The workflow never encourages critical thinking. A single answer covers multiple steps, and the user is discouraged to double-check any of them. The code is hidden and CI nudges to only go forward, contributing to the illusion that the analysis is correct, even when it's not

You can basically type "yes" and "what do you recommend" all the way through, and CI will gladly create a very sophisticated, very discriminatory model, even pretending it's all good and fair (unless you really insist it's not), and it will happily assist you in deploying it.

What I'm angry about is that this is the exact opposite of what the Explainable AI movement has been trying to achieve. Code Interpreter is the ultimate black box AI, which you cannot debug, cannot tweak, cannot rely on, but which very confidently delivers "interesting insights".

Its usefulness is limited when dealing with scrambled files as well. On the first try, the preprocessing seemed pretty impressive, but upon inspection, it turned out CI skipped the first two lines of data silently, and tried to convince me with a useless check that all is ok.

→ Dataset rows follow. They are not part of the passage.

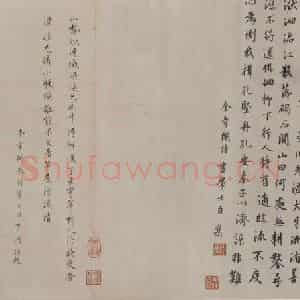 五代 董源《夏景山口待渡图》国画山水作品图片鉴赏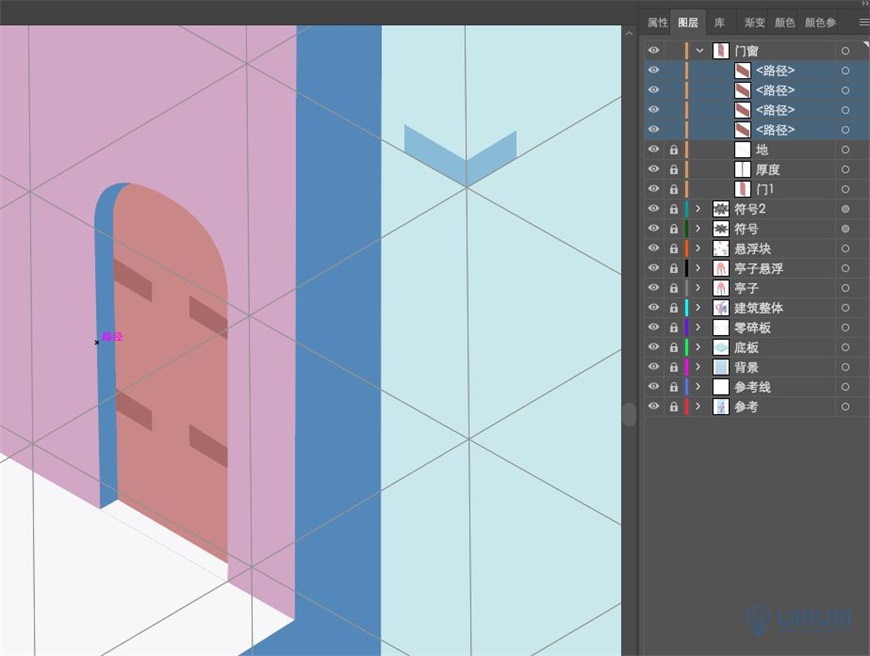 Illustrator繪制2.5D風格創意建筑插畫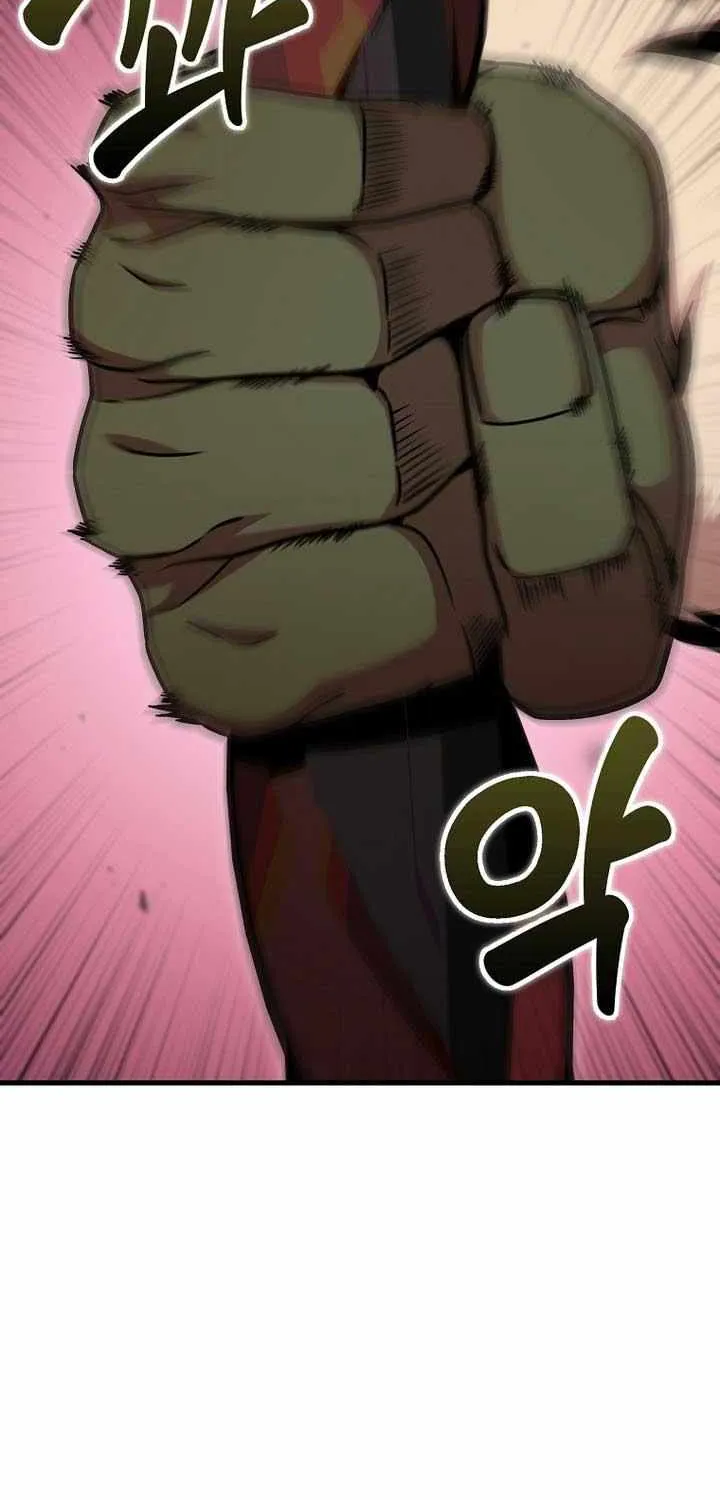 Enrolling Was a Mistake Chapter 48 page 25 - 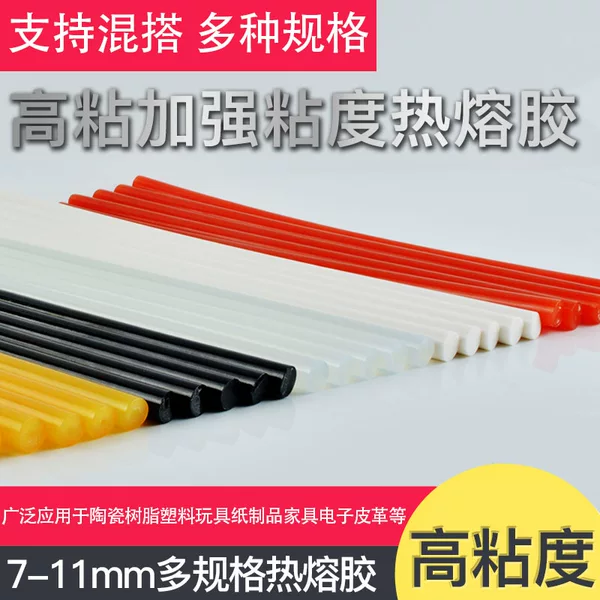 Товары от 安泰信焊接工具品牌企业店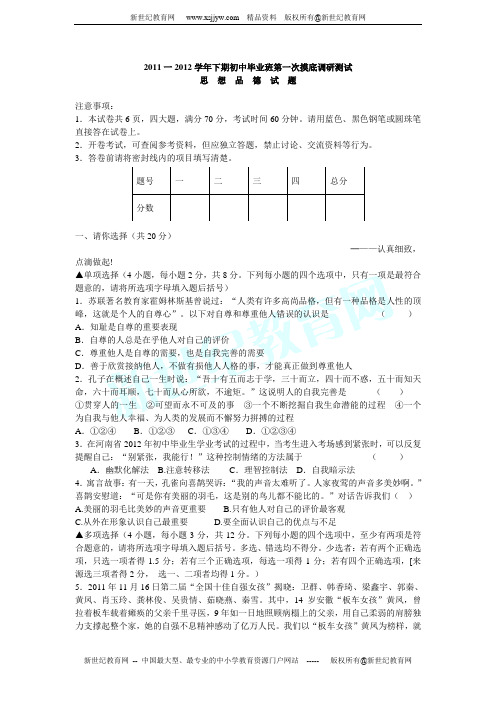 2011一2012学年下期初中毕业班第一次摸底调研测试思想品德试卷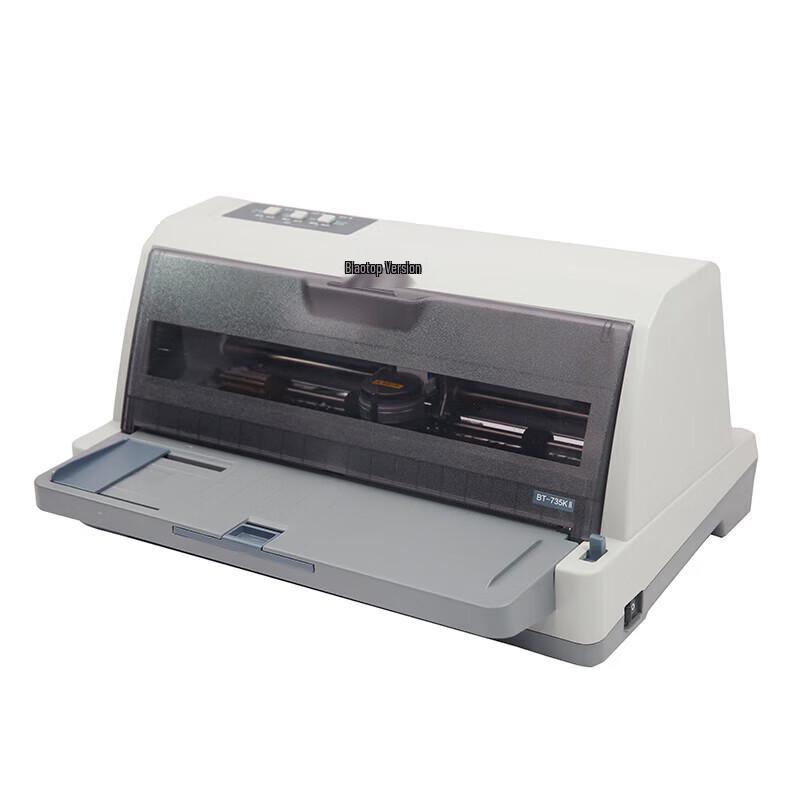BiaoTuo BT-735KII A4 Dot Matrix Printer CN Plug (adapter Included)
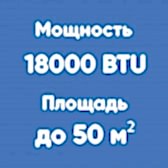 18BTU (до 50м²)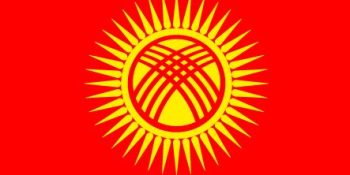 Kyrgyz honorary consul's office opens in Lahore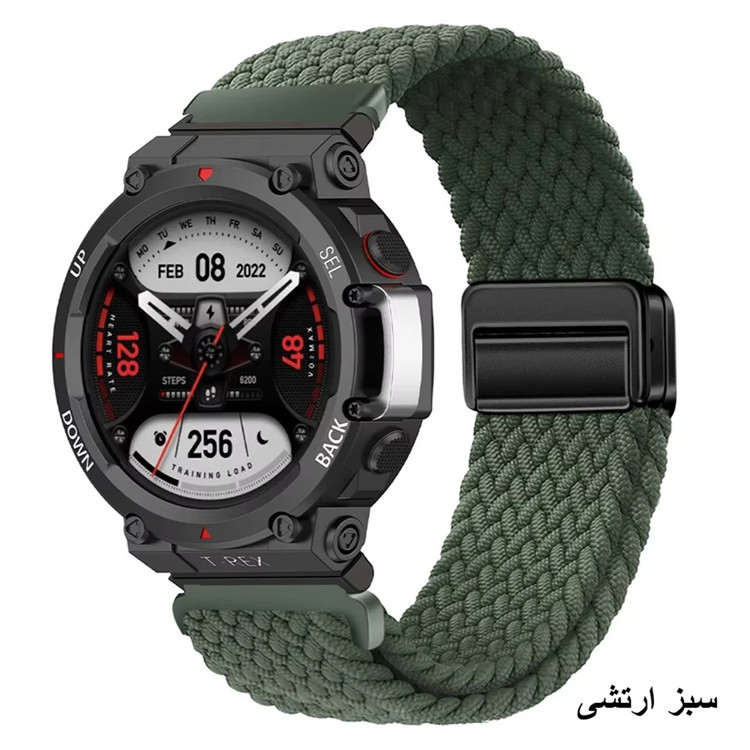 بند کنفی سبز ساعت T-rex 2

I wasn't able to make it explain how exactly it parsed the file header, although it came up with a pretty sophisticated text. So I created a second file, where I added 1 line to the header commentary, to check if it really is as robust as it initially seemed.

Then CI failed miserably: it locked onto skipping the same # of lines as before (has it been harcoded in the training data?), scrambling the data table, it confused the last line of header with the last line of df, happily "removed missing data" and said the data is now clean.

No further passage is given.